[Aim of the task]
The reply should hold only the lines below beginning at the one with "Arduino Mega 2560 PCB top" and ending at the one with "YVES SAINT LAURENT", copied exactly, with every picture left out.

[Given information]
=-=-=-=-=

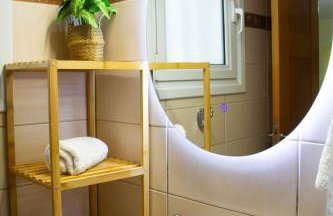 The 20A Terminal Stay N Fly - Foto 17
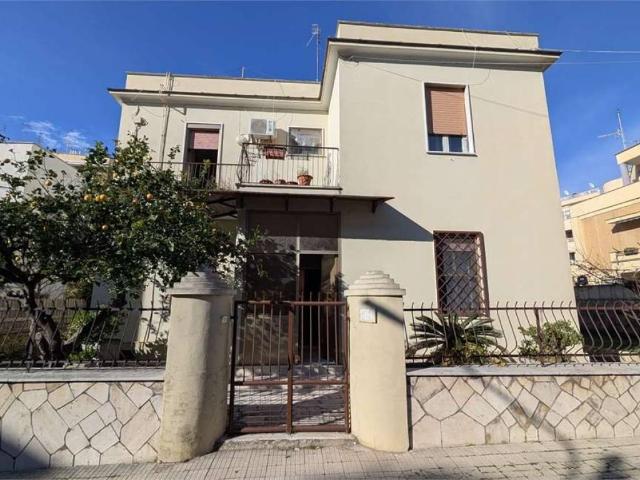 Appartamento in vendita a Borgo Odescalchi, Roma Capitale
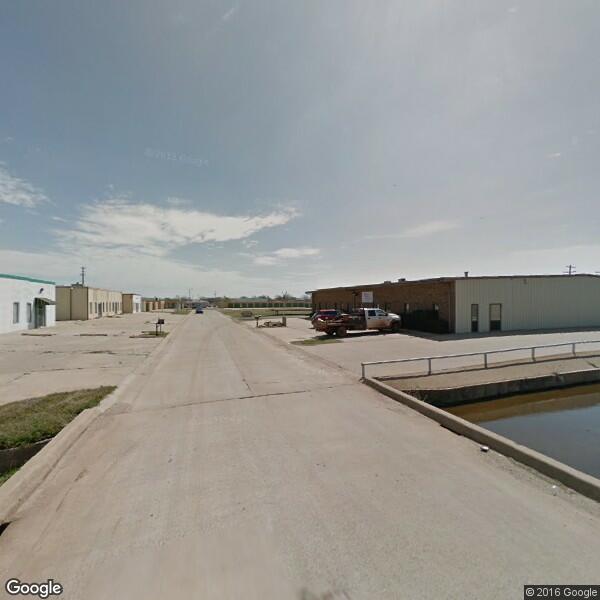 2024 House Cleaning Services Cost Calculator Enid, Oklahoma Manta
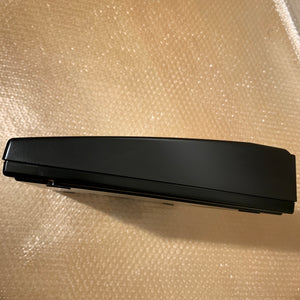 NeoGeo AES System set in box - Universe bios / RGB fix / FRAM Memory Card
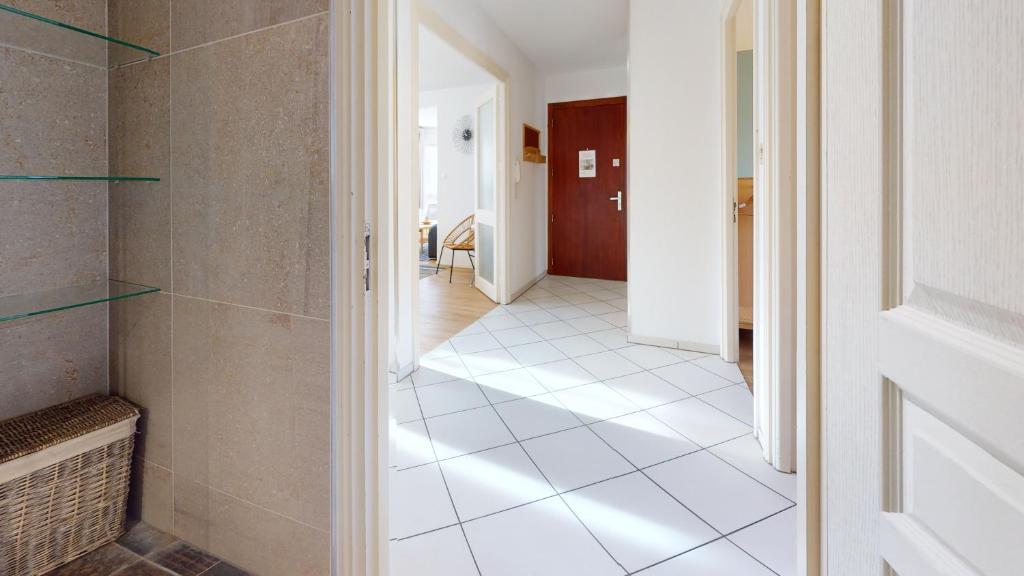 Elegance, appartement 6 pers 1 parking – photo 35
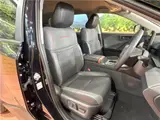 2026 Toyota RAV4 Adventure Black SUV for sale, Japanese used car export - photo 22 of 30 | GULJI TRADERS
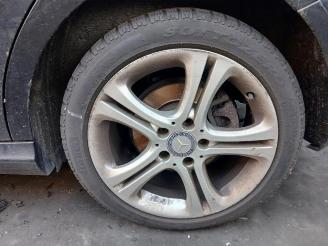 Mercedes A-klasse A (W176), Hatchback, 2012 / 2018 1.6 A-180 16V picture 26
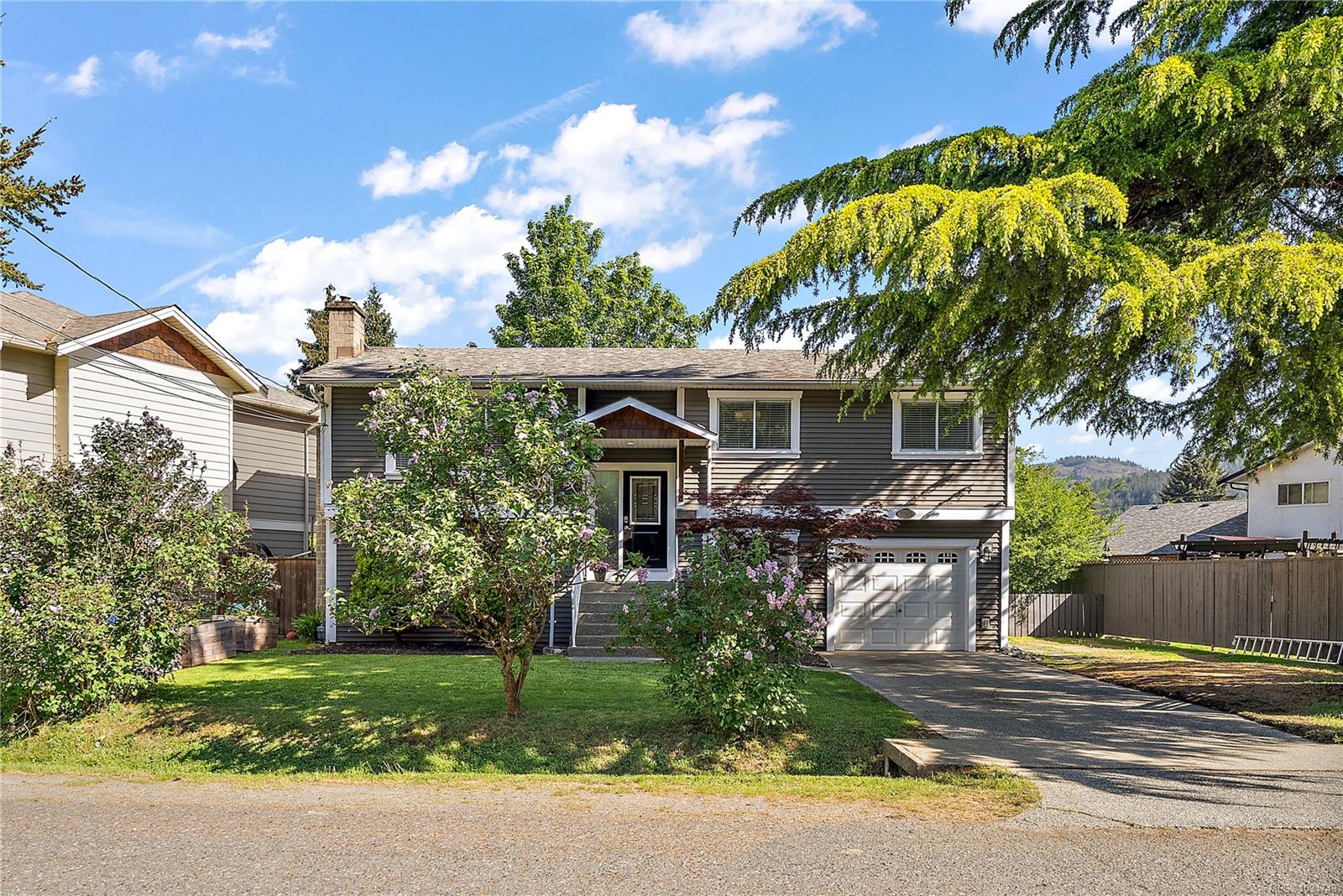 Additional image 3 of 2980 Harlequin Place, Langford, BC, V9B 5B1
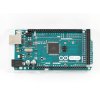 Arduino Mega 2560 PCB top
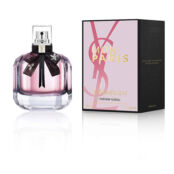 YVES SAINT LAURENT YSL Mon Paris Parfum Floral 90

=-=-=-=-=

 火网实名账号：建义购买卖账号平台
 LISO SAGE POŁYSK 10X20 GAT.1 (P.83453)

=-=-=-=-=

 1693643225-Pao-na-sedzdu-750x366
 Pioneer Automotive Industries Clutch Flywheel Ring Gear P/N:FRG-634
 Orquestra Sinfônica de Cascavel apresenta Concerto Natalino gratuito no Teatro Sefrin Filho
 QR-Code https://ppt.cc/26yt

=-=-=-=-=

[Answer to this task]
 Arduino Mega 2560 PCB top
 YVES SAINT LAURENT YSL Mon Paris Parfum Floral 90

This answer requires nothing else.